Poster Presentation GENEMAPPERS 2026

Genomic data linkage identifies candidate genetic factors associated with congenital heart disease surgery outcomes (#97)

Emma Rath 1 , Gillian Blue 2 , Eddie Ip 1 , Debjani Das 1 , Michael Troup 1 , Edwin Kirk 3 , Samantha Lain 1 , Bridget O'Malley 3 , Gary Sholler 3 , Gavin Chapman 1 , Natasha Nassar 4 , David Winlaw 5 , Sally Dunwoodie 1 , Eleni Giannoulatou 1
  1. Victor Chang Cardiac Research Institute, Darlinghurst, NSW, Australia
  2. Heart Centre for Children, Sydney, NSW, Australia
  3. NSW Health, Sydney, NSW, Australia
  4. University of Sydney, Sydney, NSW, Australia
  5. Lurie Children's Hospital of Chicago, Chicago, Illinois, USA

Aim

Outcomes after paediatric congenital heart disease (CHD) surgery vary widely even for the same lesion and repair.

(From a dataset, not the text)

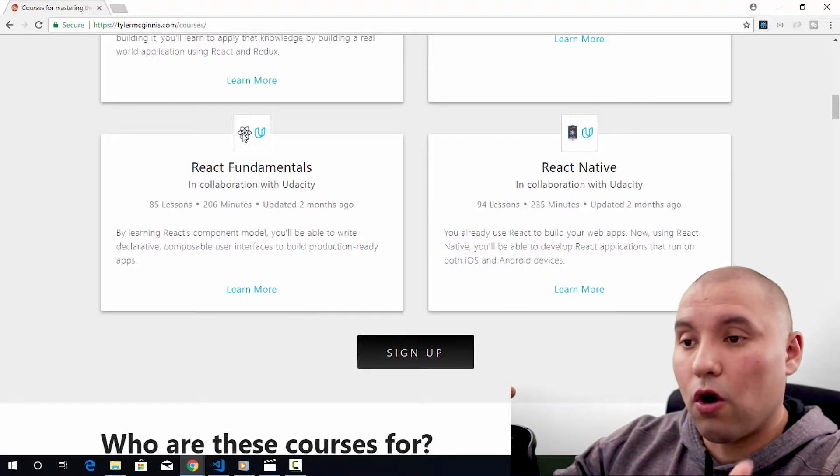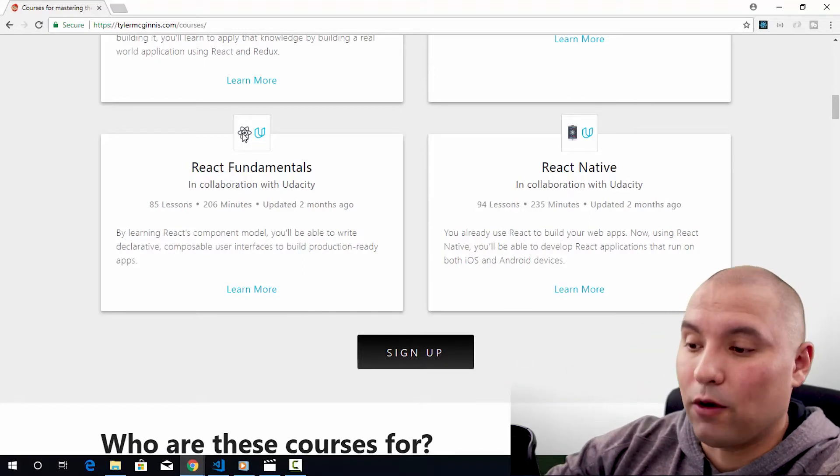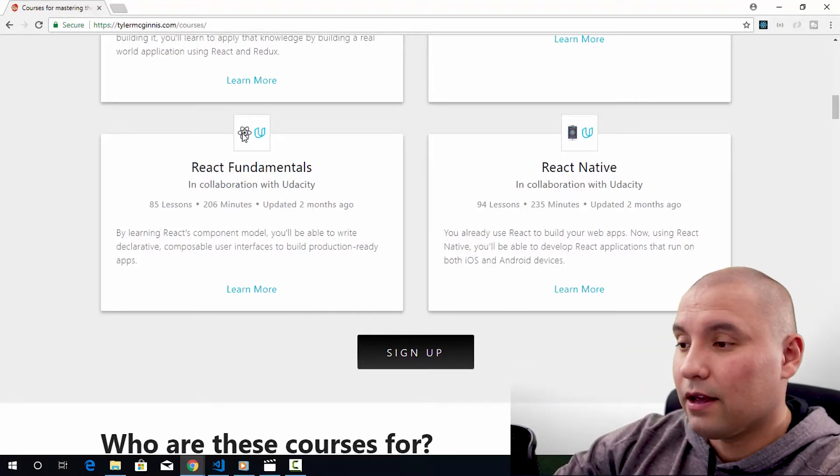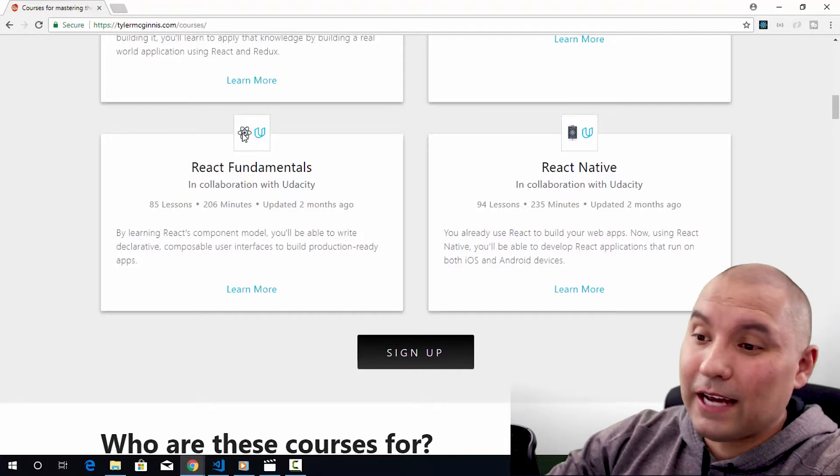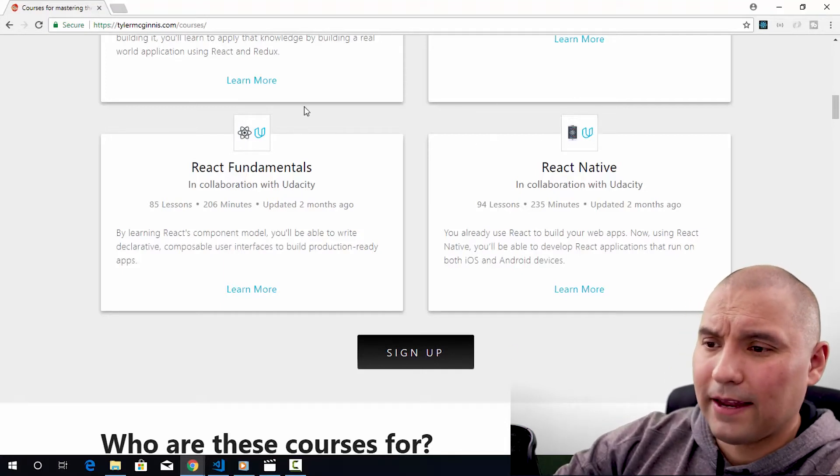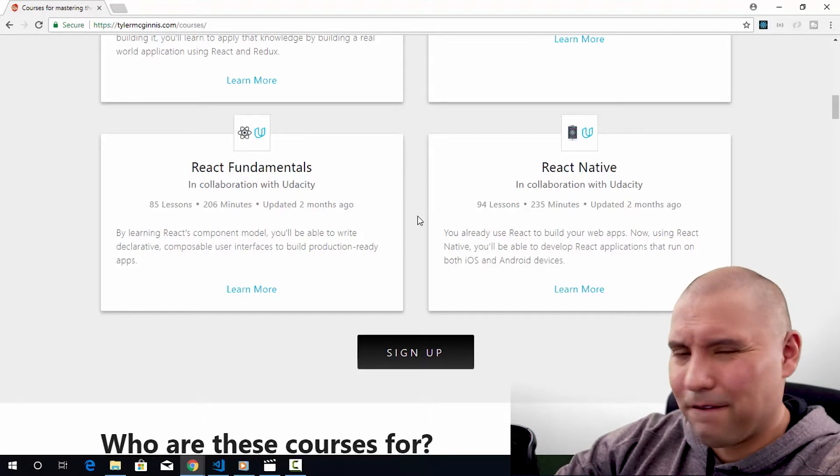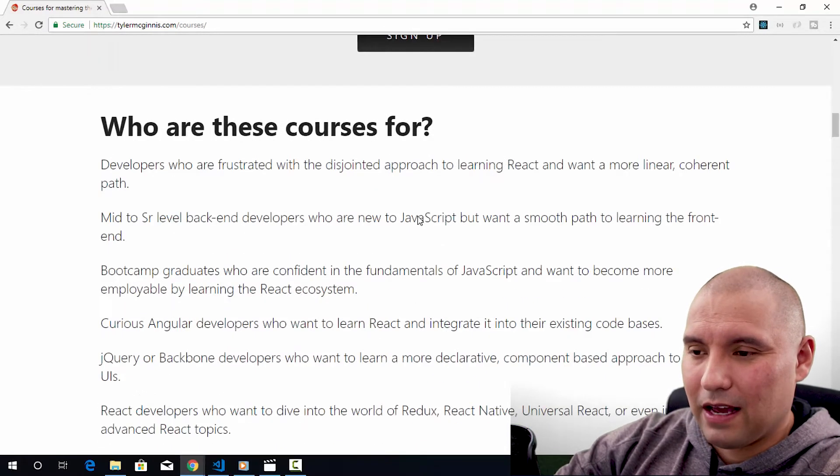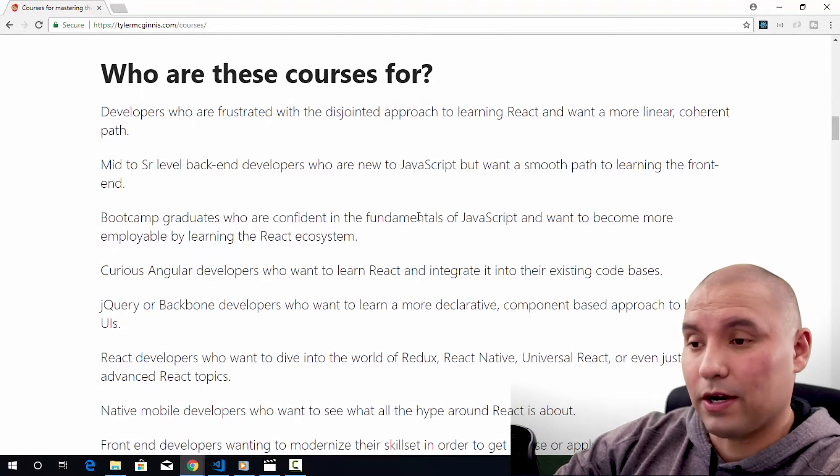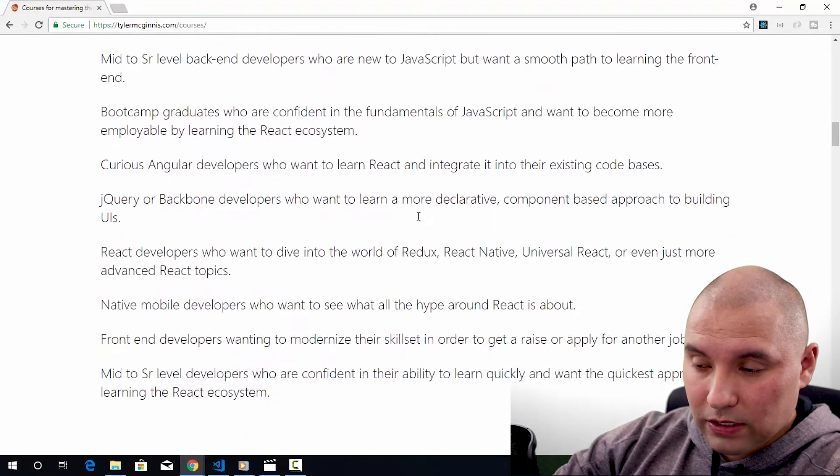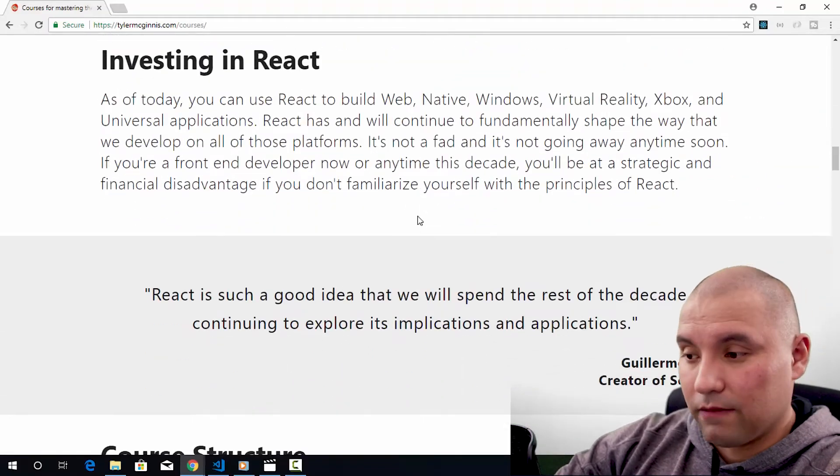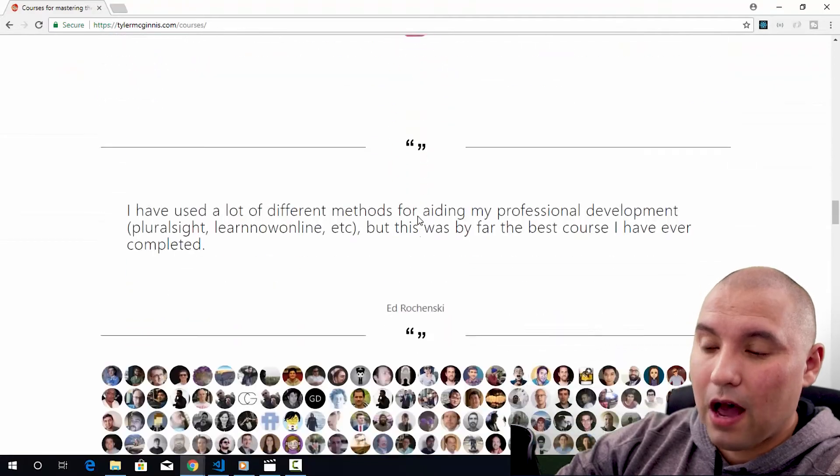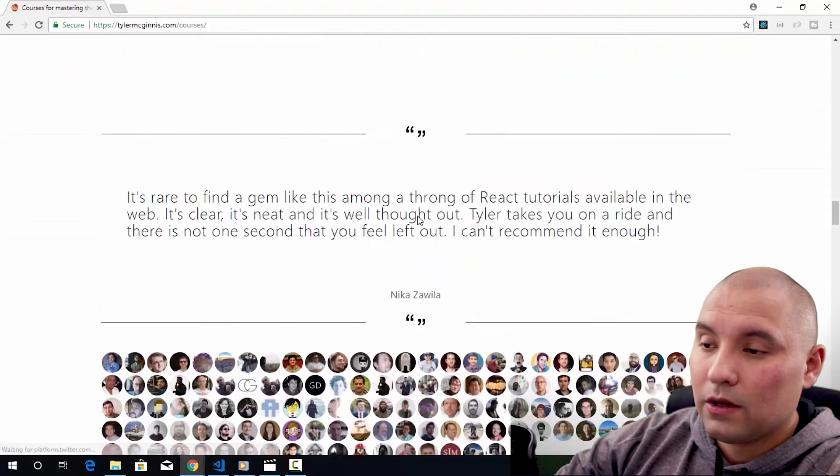Part of the deal that he had with Udacity was that after a set amount of time, he could bring those courses over to his own platform, which is great. I took the Udacity React Nanodegree. Didn't finish it, but it's nice to know that the courses are here so I can go ahead and get these done. And I had to feel so guilty about not finishing the React Udacity Nanodegree. He can tell you who these are for. Great stuff. Why you should invest in React really give you a lot of stuff to make a decision.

The aim of this Synergy study is to identify genetic hallmarks of unfavourable postoperative outcomes in CHD.

Methods

Children with CHD were classified as having unfavourable (n=267) or favourable (n=222) cardiovascular outcomes using our discovery cohort of NSW linked health data and underwent whole-exome sequencing. We performed rare-variant burden testing across 20,523 genes and 16,624 biological pathways, comparing unfavourable versus favourable groups. Significant signals were then interrogated in an independent Genomics England replication cohort (unfavourable n=232; favourable n=252) to assess replication.

Results

Unfavourable-outcome patients showed a higher burden of rare, deleterious variants in the bile acid gene SCL10A2, in a clotting factor XIII pathway, and in a TP53 cell cycle pathway. Intriguingly, favourable-outcome patients showed a higher burden of rare, deleterious variants in the cilia gene DNHD1.

Conclusion

Postoperative outcomes after CHD surgery are affected by genetic defects involved in bleeding and clotting, factors that are exacerbated by the cardiopulmonary bypass required for cardiac surgery. These findings require further validation, and suggest that actions will be possible to mitigate unfavourable outcomes resulting from defects in clotting-associated genes. Further genes also impact outcomes, and do not appear to be related to causal genetics of the underlying CHD disease.